A frank admission. I am an inveterate museum goer. Be it Mount Abu, Udaipur, Jaipur, Mumbai, Chennai, Kolkata, Pittsburgh, Washington D.C, New Orleans, Dade City, Florida (a small town of no more than 1,500 houses), Nashville, Tennessee, Chicago – if I have been in that city, you bet I have been to the museum. And planetariums too!

Perhaps I like to live in the past or among the stars. But, it is more likely that I like to live through the past and live in the vast.

Every time I go to the National Museum, it almost feels like a pilgrimage. Though I have walked alongside the exhibits of the Indus (Harappan) Civilization dozens of times, I stand there and read through everything and take in the scene fully. I immerse myself.

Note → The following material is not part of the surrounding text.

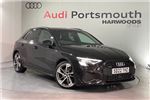 2022 Audi A3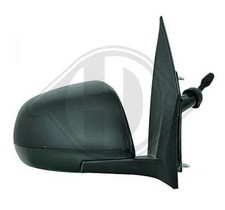 Right Wing Mirror (manual) for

It is not that I remember much after the visit. The feeling is intense in that moment. I get goose pimples when I ask myself, “Do you believe that that urn contained the remains of one of the ancestors of humanity? Perhaps of yourself?” Having read Richard Dawkins’s books, I cannot but say yes. That is spirituality for me.

There is a room that has boards showing the development of the alphabets of most of the Indian languages, from crave scratchings. Some things are just amazing. The letters for sound ‘A’ as it is written in Sanskrit and Tamil are derived from very similar cave scratches, and I am not joking. Same for the sound ‘KA’. The lineages are shown down the centuries. Some of them metamorphosed seriously whereas others have remained true to their ‘original’ form. Our letters of the alphabets appear to be ‘descendants’ of forms that may have been or at least seem to have had common ancestors; no different than ourselves, in human form.

There was a time, long ago and when I started visiting the National Museum, I used to feel special pride when I saw sculptures that carried tags saying “Chola 9th Century AD” or “Kanchipuram” and such. I can honestly tell you that such feelings have mercifully abandoned me. Now it is unadulterated joy upon the realization that mankind had gone through these steps, no differentiations at all, and I am here.

I had the same feeling when I was at Gangotri and Yamunotri some years ago: “This is the land that had cradled my ancestors; it is holy because of that and for me that feeling need not be mediated through Gods and Goddesses, of rivers and mountains. Now, I am here.”

When I enter the room for “Satavahana” or “Kushana” dynasty at the museum, it matters to me that they followed the Maurya dynasty, though somewhat geographically shifted. It helps me trace humanity’s development, in a layman and naïve sort of way. But that naiveté occasioned by distance is mine and mine alone, and I value it. I do not need lessons from an expert to feel the pride. Perhaps experts can help fix rungs on the ladder that could help reach closer, but I am happy where I am. The same feeling pervades me in every room of exhibits.

The museum helps me reach out to my ancestors in my own way. That is spirituality. I do not need to do any special oblations.

It is most disheartening for me that I cannot enjoy the night sky, situated as I am in the light-polluted metro of Delhi with the air also polluted. But, when I was at Gangotri, I went delirious looking at the sky and identifying constellations; the last time I did that was when I went for a weekend trip to Lake Cumberland in Kentucky about 23 years ago. While skiing was good during the day, it was better lying down on the deck in the night looking at the sky. That too was a moment of spiritual realization, to appreciate that our minds have developed naturally to question why stars glitter, indeed why stars at all, and find answers, however tentative they may be. In a sense that was an outdoor museum for me!

Now, one may understand why I visit and revisit museums. It is spiritually energizing for me.

Raghuram Ekambaram

2 comments:

Tomichan Matheikal said...

I understand your museum-passion. It is the same passion that propels me to read history books. Recently while I was in Kerala I visited a bookstore of DC Books, the best Malayalam publishers, in order to buy Mukundan's latest novel. But I ended up buying three books one of which is "History of Kerala and the Caste System", a highly scholarly work. That is my spirituality. Knowledge is my spirituality. I remember writing 23 years ago to a private guide supplier that I was disappointed with their notes because my "Faustian quest for knowledge" was not meant to pass exams. The supplier wrote me back saying they would refund the amount. I did not respond. But I had made a point.

In short, my spirituality is my quest for knowledge. I guess you seek something of the same sort in the musuems.

mandakolathur said...

Matheikal, thanks for endorsing that there are enough varieties of spirituality. My spirituality is to seek amazement at the way things are, coming about and the way things could go. Honestly, I cannot look at anything of the past without trying to connect it to me, in the present.

Thanks again. Hope you enjoyed this post from me, of a different kind.